Olhando com calma, os números musicais são bons, os atores estão bem, a direção é boa, é um bom filme. Ponto. E isso basta, nos completa, faz com que a experiência de assistir à película seja satisfatória. O problema é quando a análise vai para mais ou menos que isso, aí acredito que o filme está sendo colocado em um lugar que não corresponde a realidade.

A trama nos apresenta a atriz Mia (Emma Stone) e ao músico Sebastian (Ryan Gosling), dois artistas sonhadores que são constantemente quebrados pela competitividade e falta de sensibilidade artística de Los Angeles. Ela sonha em ser atriz nos intervalos dos atendimentos de uma lanchonete, da qual é balconista, e se mete em intermináveis testes em que os avaliadores não demonstram nenhuma consideração pelo seu trabalho. Ele toca piano num restaurante, onde não pode fugir nem por um segundo do estilo de “jazz” imposto pelo dono – Kenny G e afins – sonhando em ter o seu próprio estabelecimento para não deixar esse estilo musical morrer. Os dois se encontram, desencontram, e vivem uma bonita história de amor inspirada nos grandes clássicos do gênero musical.
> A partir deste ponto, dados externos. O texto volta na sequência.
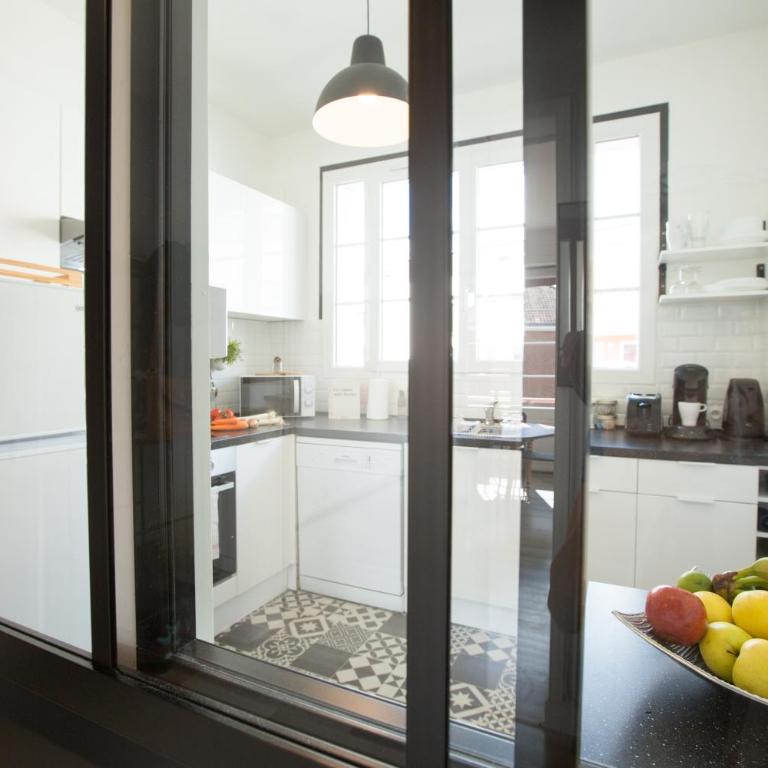 #LIndustrioChampetre Free Parking, Bien Situé, Spacieux, Proche Clinique - Appartement 2 Chambres - 34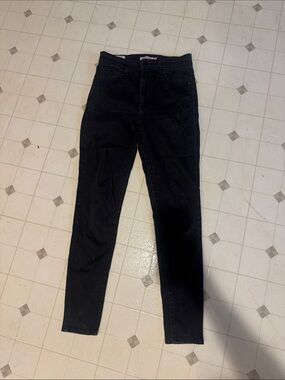 Women’s High-Rise Black Skinny Jeans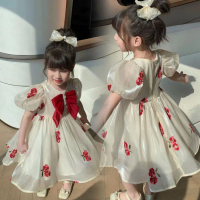 Gaun Organza Anak Perempuan Putih Krem Bordir Bunga Merah Pita Besar di Dada Lengan Balon Motif Bung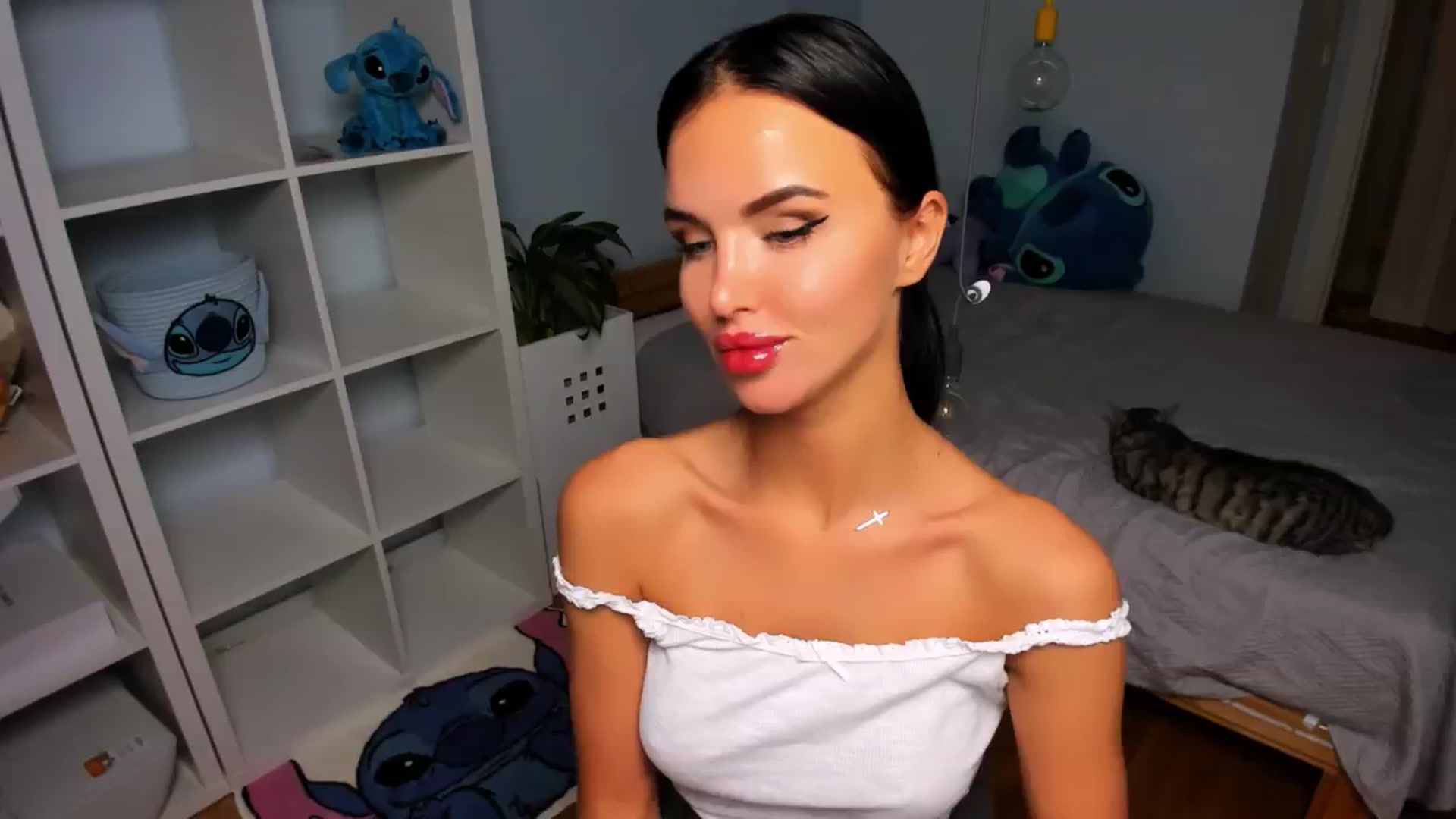 Gallery image thumbnail from Jennifercutie's myfreecams stream on, 08/25/2024, 18:11 image 14 of 20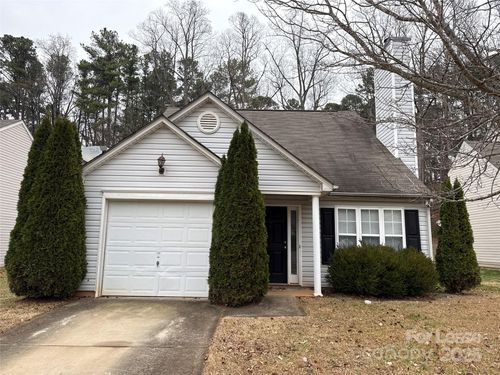 6018 Patric Alan Ct, Charlotte, NC, 28216-7640 | Card Image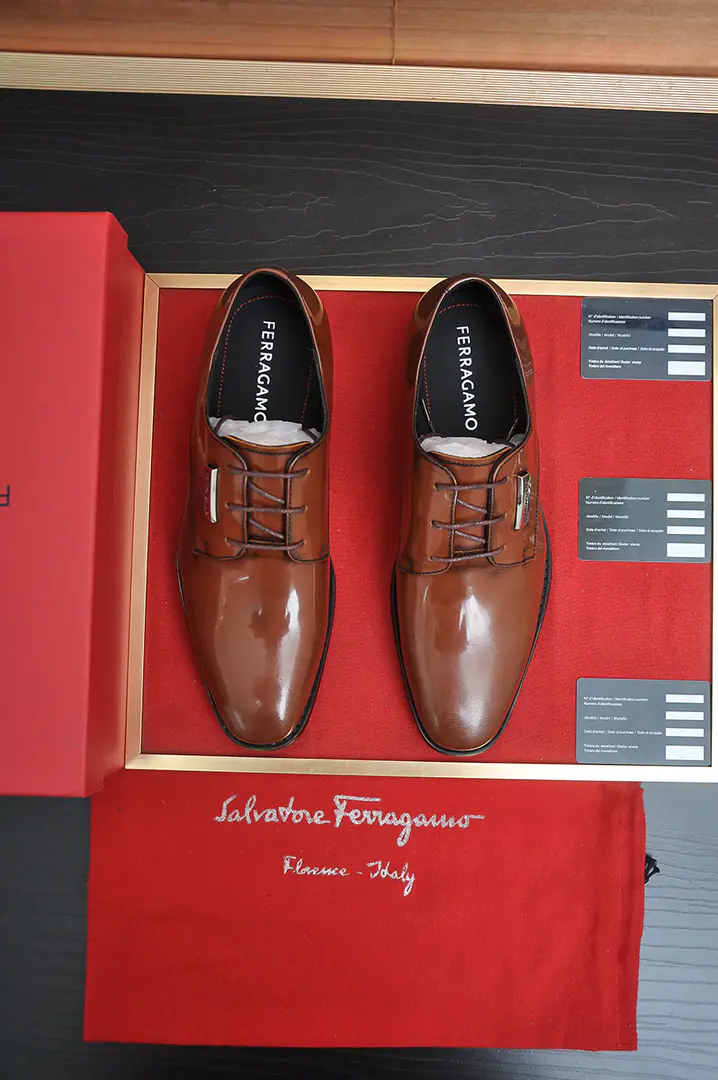 Get out of the factory.【Ferragamo/Ferragre.】The latest money in the cabinet. The original imported cow-coloured fabric.+In the cow's skin.+Original Luxury Metal Buff+Original Group Bottom No pressure on comparison 38–44(45I'll make sure I don't change it.)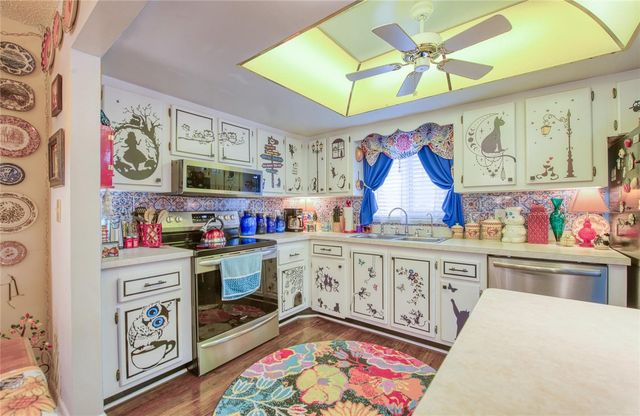 7040 COGNAC DRIVE 3, New Port Richey, FL 34653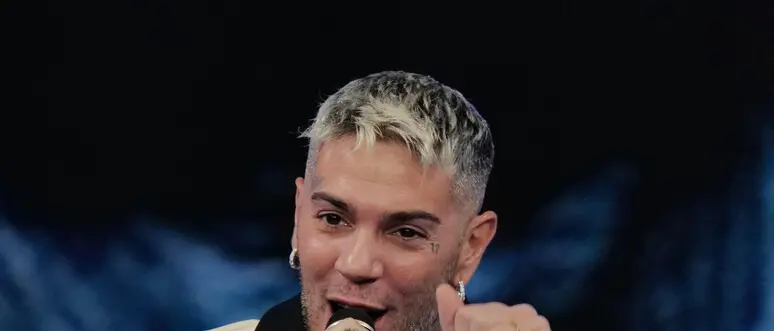 Emis Killa rinuncia a Sanremo: è accusato di associazione a delinquere nell’inchiesta sugli ultrà a Milano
La La Land é um resgate ao tipo de filme mágico que te faz sonhar, que recorda que filmes possuem o poder de nos conduzir a experiências tão maravilhosas que fazem com que voltemos a acreditar que sonhos são possíveis, e que há amores tão fortes que nos fazem ter vontade de cantar e dançar, pois só dessa maneira é possível expressarmos como aquele sentimento nos move, e como é maravilhoso poder compartilhar essa energia. Só não sei até que ponto ele, ancorado nessa característica vista em tantos clássicos, deixa de propor elementos novos e não modifica aquilo que já conhecíamos.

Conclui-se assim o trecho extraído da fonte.